Segment Start: Data shown

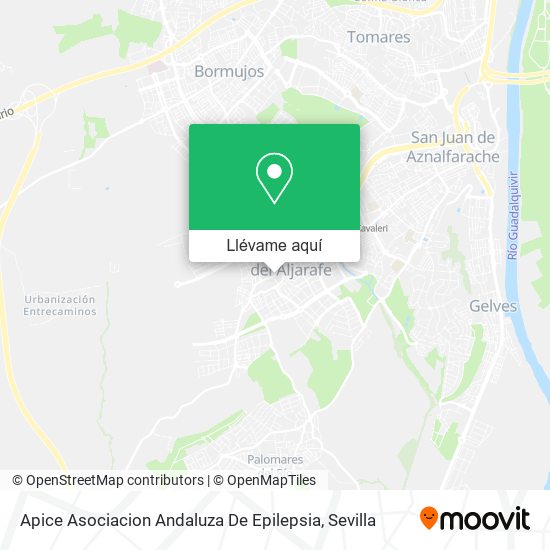 Mapa Apice Asociacion Andaluza De Epilepsia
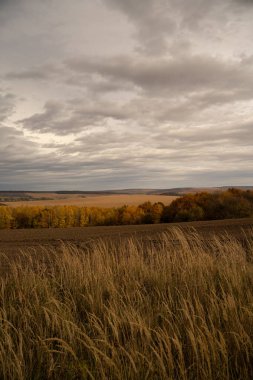 Ukrayna 'nın Lviv bölgesinde sonbahar manzarası, kuru otlar ve bulutlu gökyüzü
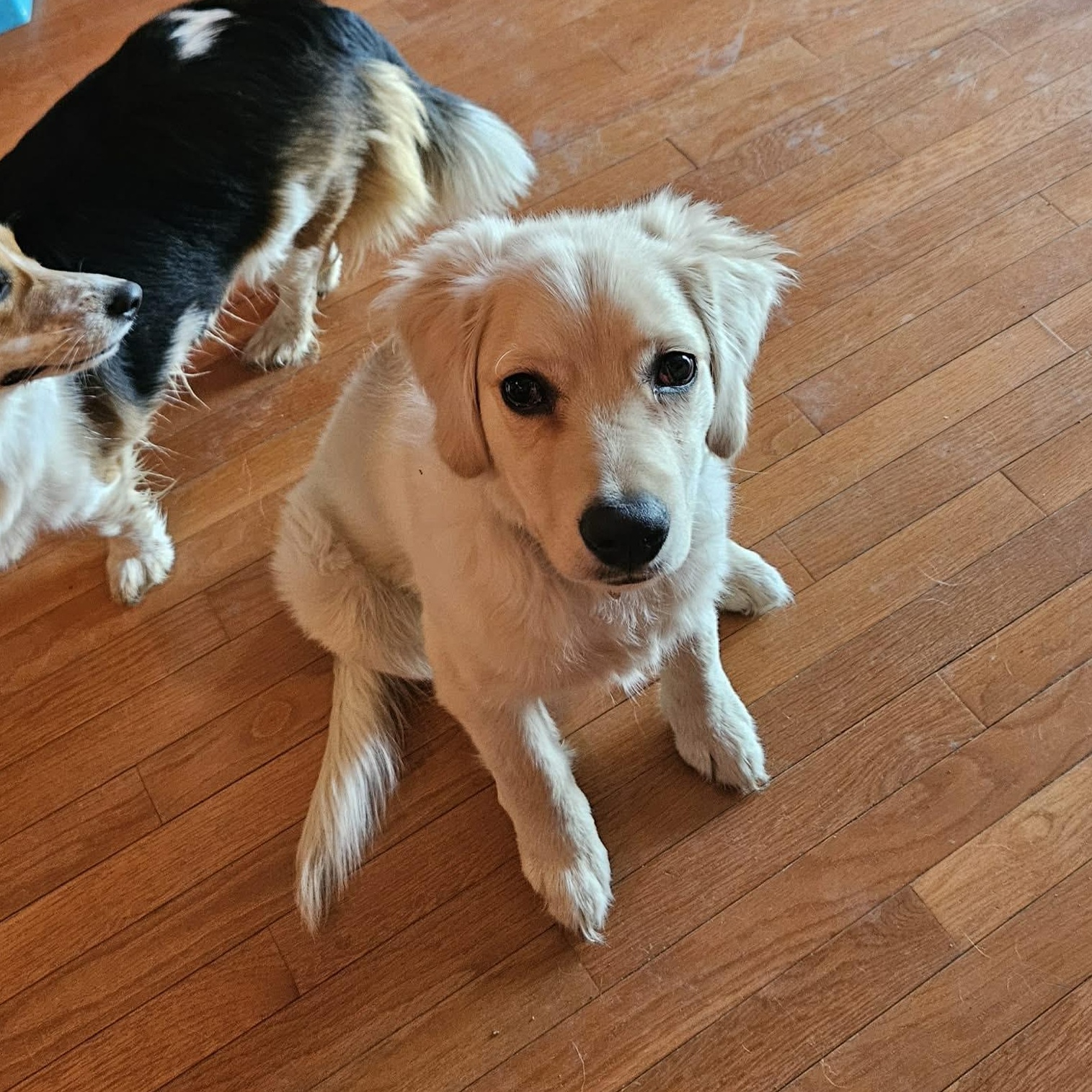 Ace , ADOPTABLE, Puppy Male Golden Retriever.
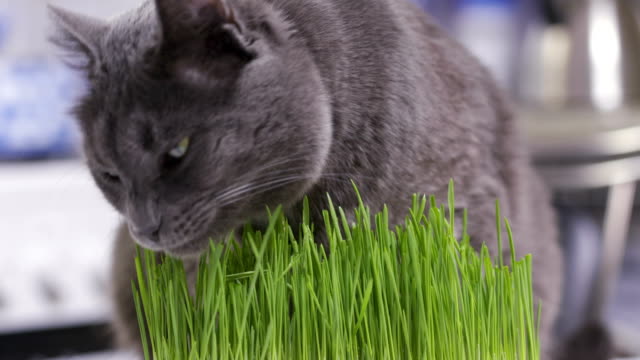 Graue-Hauskatze-frisst-frisch-gewachsenen-grünen-Rasen-zu-Hause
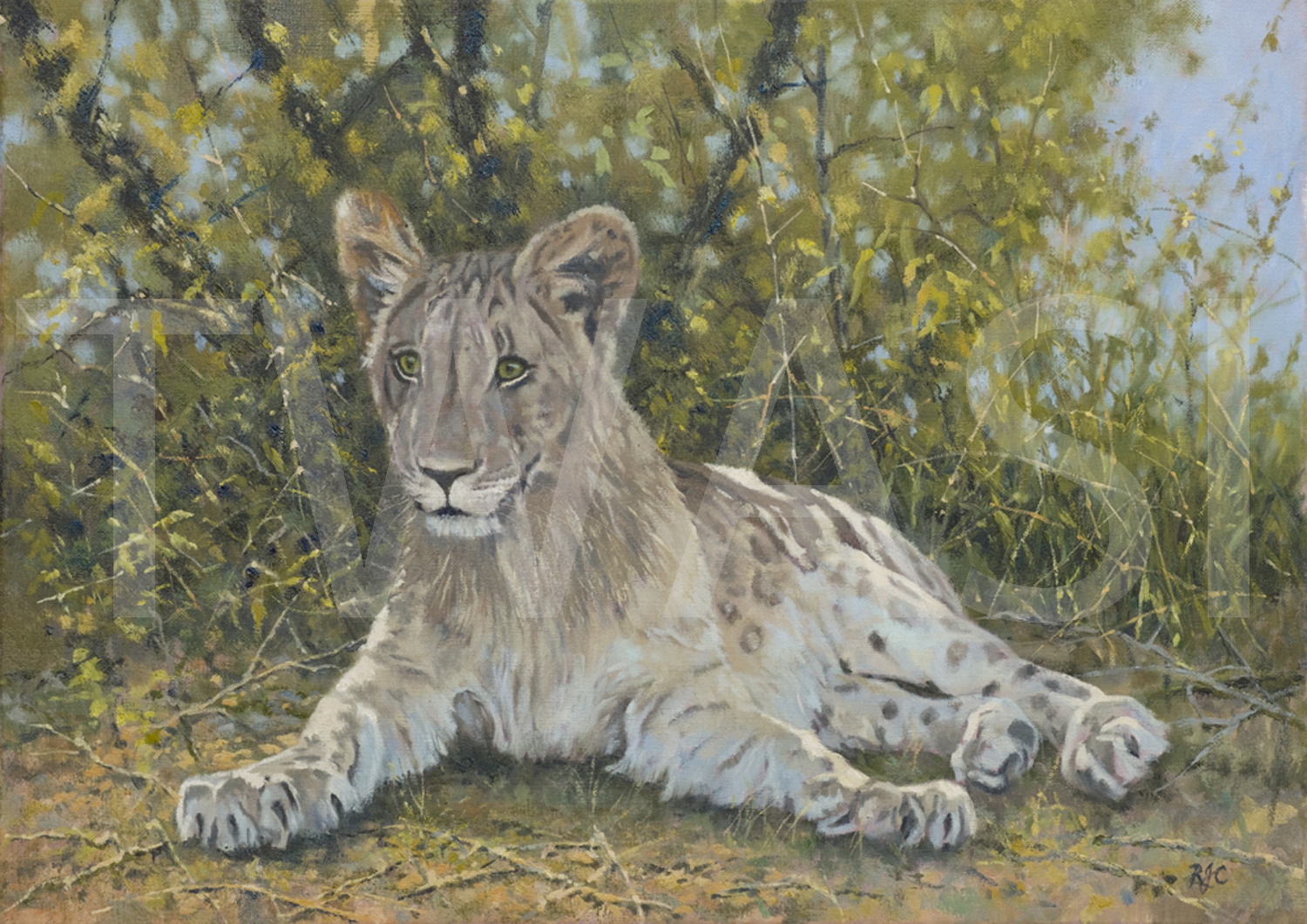 In the shade by Richard Crabtree Oil 75 x 56 cms £580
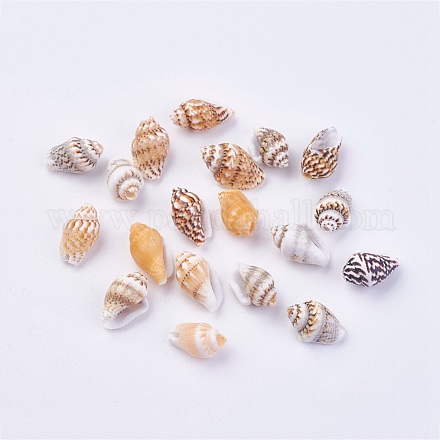 Perles de coquille BSHE-P026-35-1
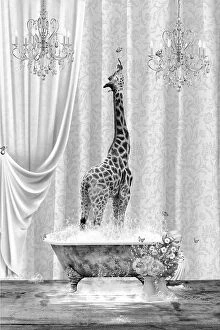 Contemporary art Collection: Giraffe & Bubbles Black & White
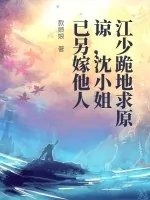 《江少跪地求原谅，沈小姐已另嫁他人》小说封面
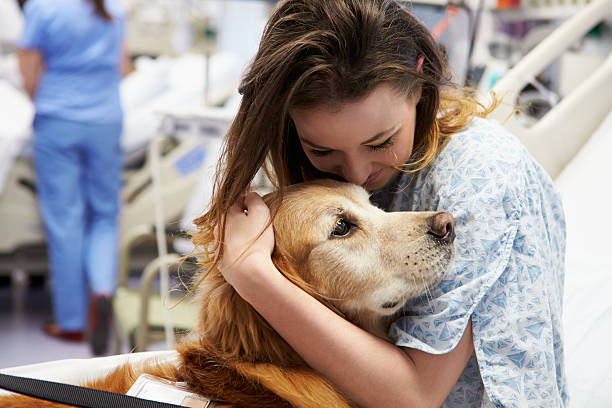 cane visita giovane paziente in ospedale - animal recovery illness pets foto e immagini stock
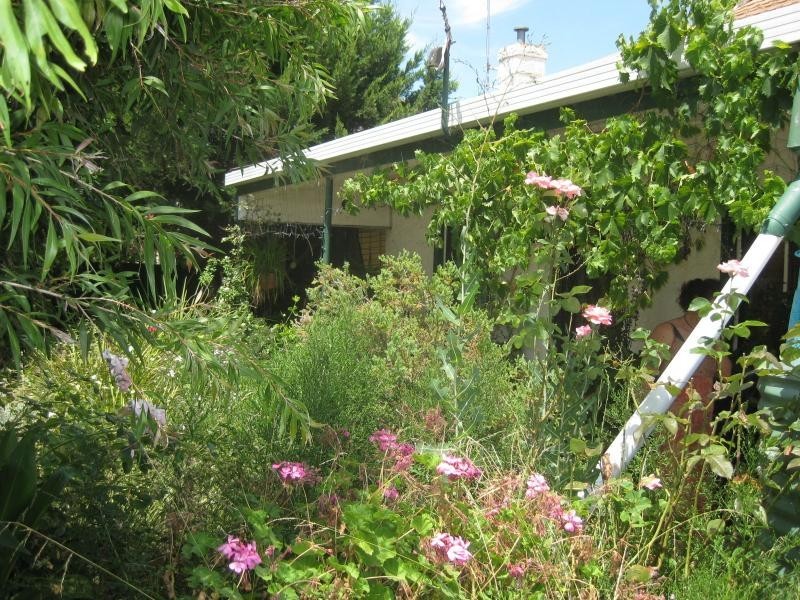 51 Wedge Street, Benalla VIC 3672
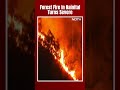 Nainital News | Massive Forest Fire Reaches Nainitals High Court Colony, Army Called In - Video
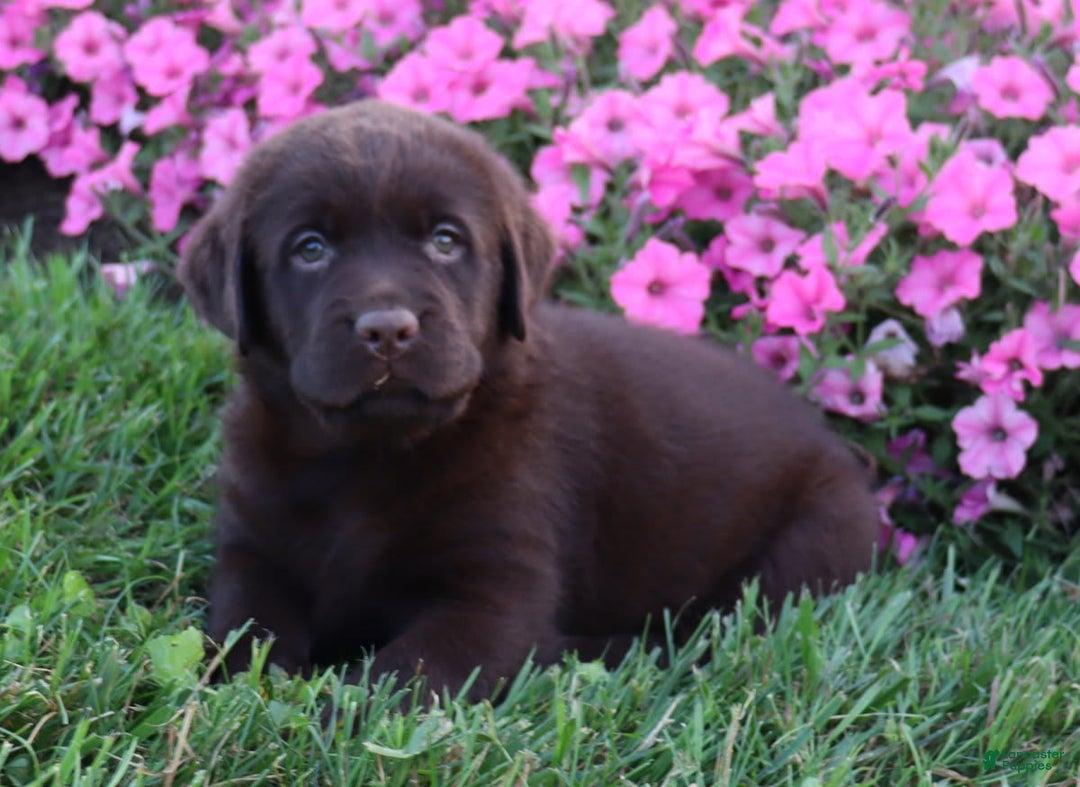 Labrador Retriever dogs for sale: Daisy - Image 3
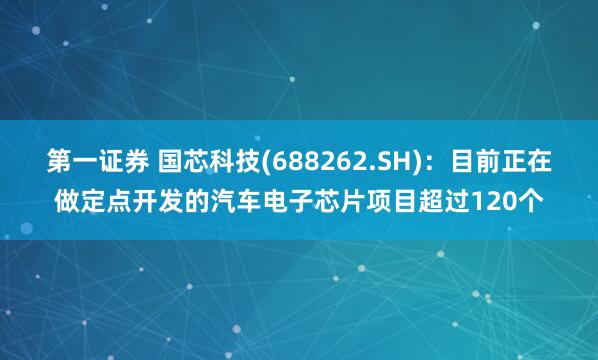 第一证券 国芯科技(688262.SH)：目前正在做定点开发的汽车电子芯片项目超过120个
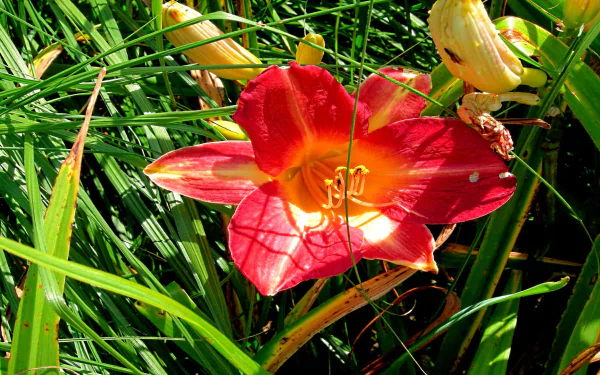 nature lily HD Desktop Wallpaper | Background Image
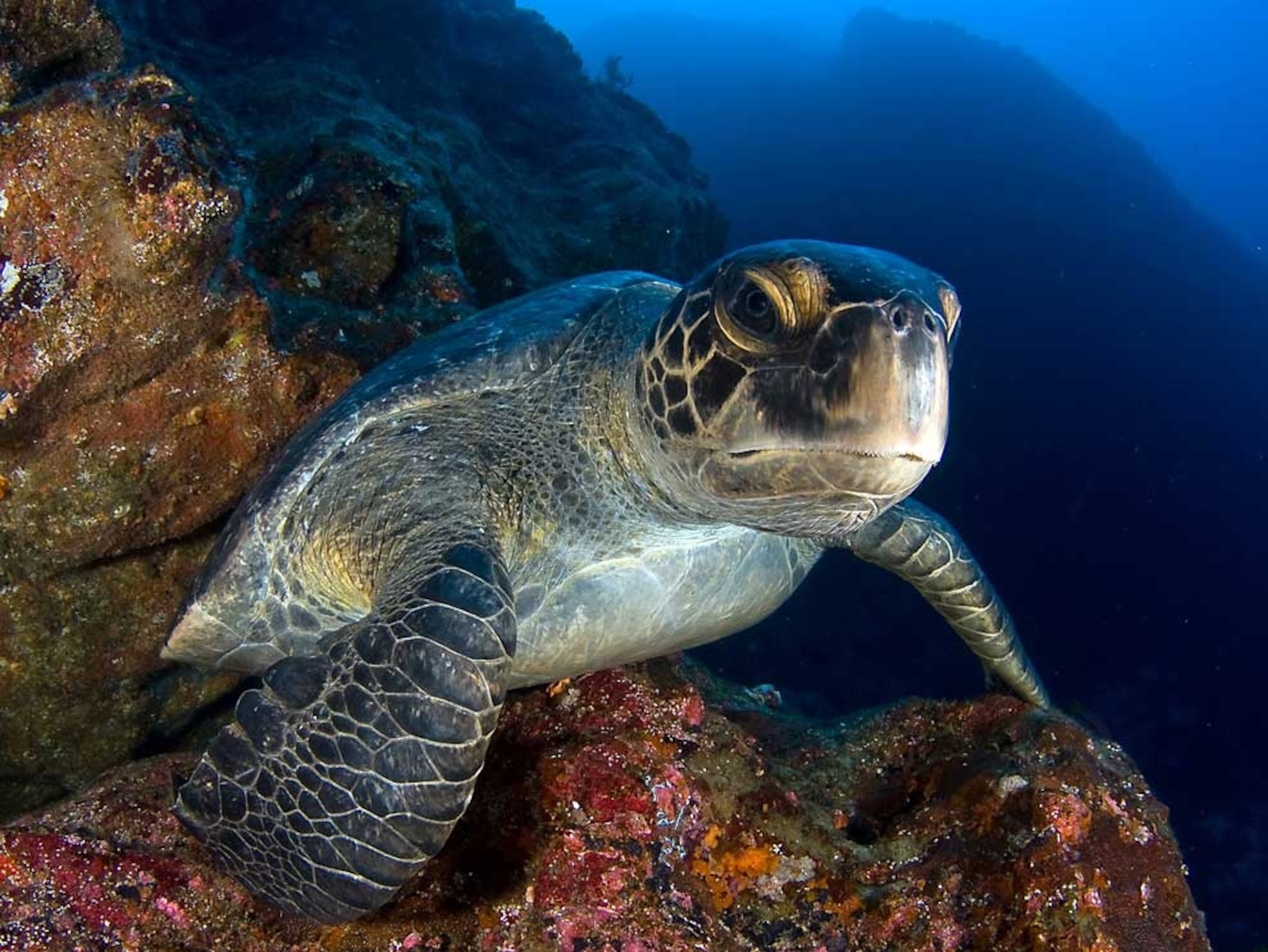 Sea turtle perched on underwater rocks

Segment End: Data shown

**Work item**.
Please retype exactly the lines from the one containing "第一证券 国芯科技(6882" through the last line of the records, both included, leaving out every picture.

**Solution to the exercise**.
 第一证券 国芯科技(688262.SH)：目前正在做定点开发的汽车电子芯片项目超过120个
 nature lily HD Desktop Wallpaper | Background Image
 Sea turtle perched on underwater rocks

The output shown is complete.